**Available data:**
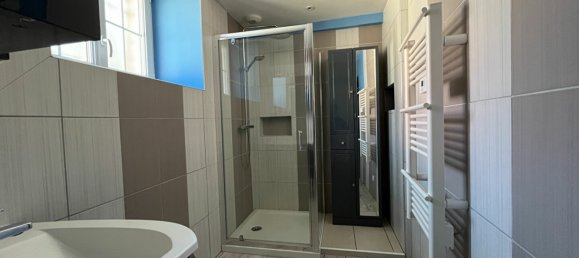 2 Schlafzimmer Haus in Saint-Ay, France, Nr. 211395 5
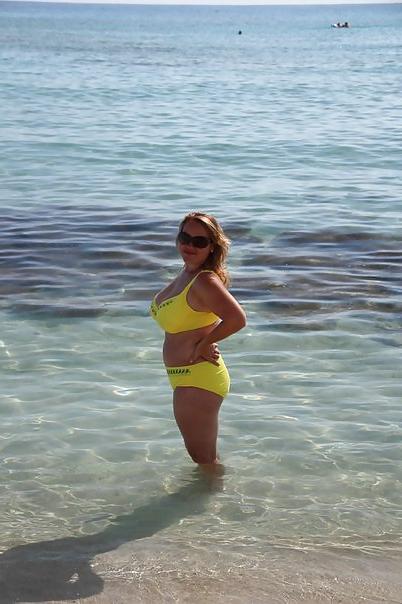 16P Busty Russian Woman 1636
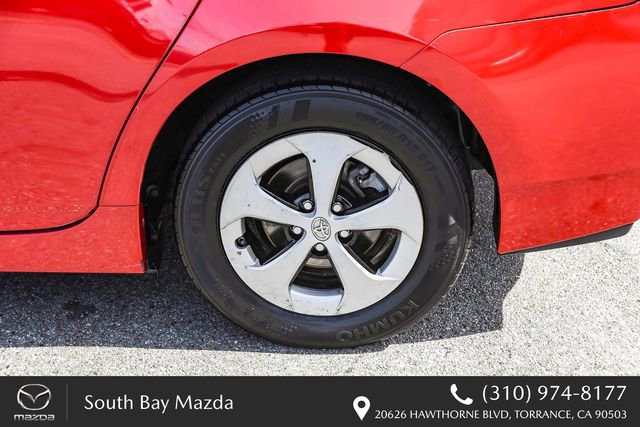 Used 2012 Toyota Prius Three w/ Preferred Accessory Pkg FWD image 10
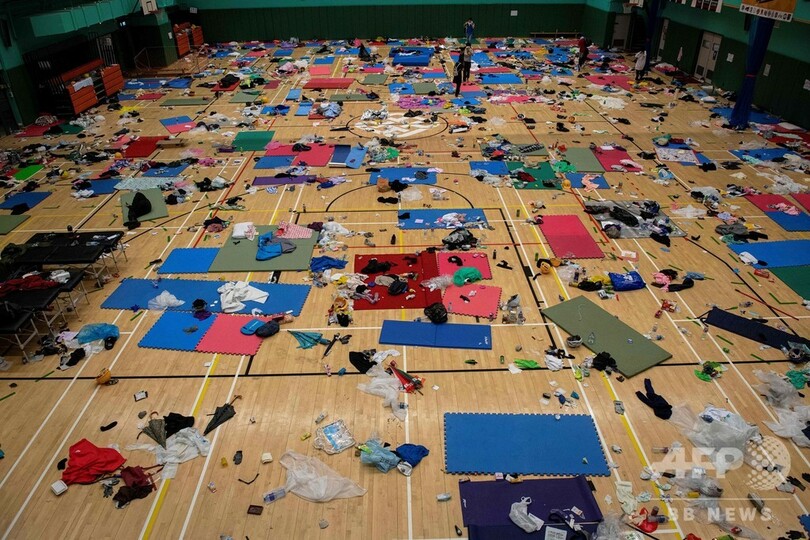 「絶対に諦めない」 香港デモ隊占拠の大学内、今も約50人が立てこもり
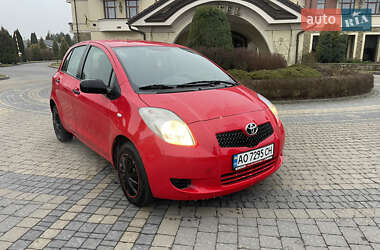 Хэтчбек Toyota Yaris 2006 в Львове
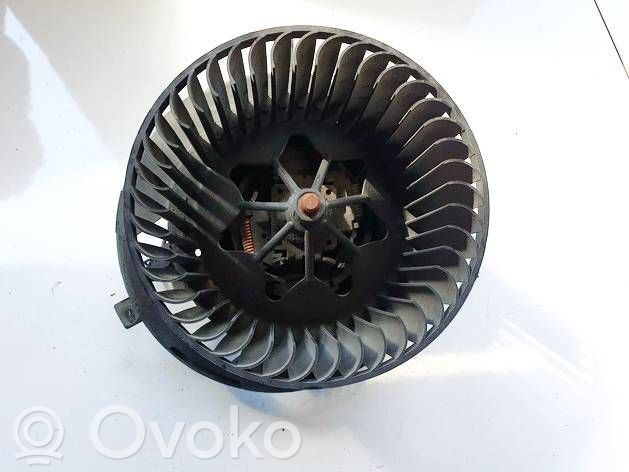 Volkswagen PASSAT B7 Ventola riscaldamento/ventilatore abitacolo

**Action item:** Set down every record above exactly as it stands, but skip the pictures.

**Result:**
 2 Schlafzimmer Haus in Saint-Ay, France, Nr. 211395 5
 16P Busty Russian Woman 1636
 Used 2012 Toyota Prius Three w/ Preferred Accessory Pkg FWD image 10
 「絶対に諦めない」 香港デモ隊占拠の大学内、今も約50人が立てこもり
 Хэтчбек Toyota Yaris 2006 в Львове
 Volkswagen PASSAT B7 Ventola riscaldamento/ventilatore abitacolo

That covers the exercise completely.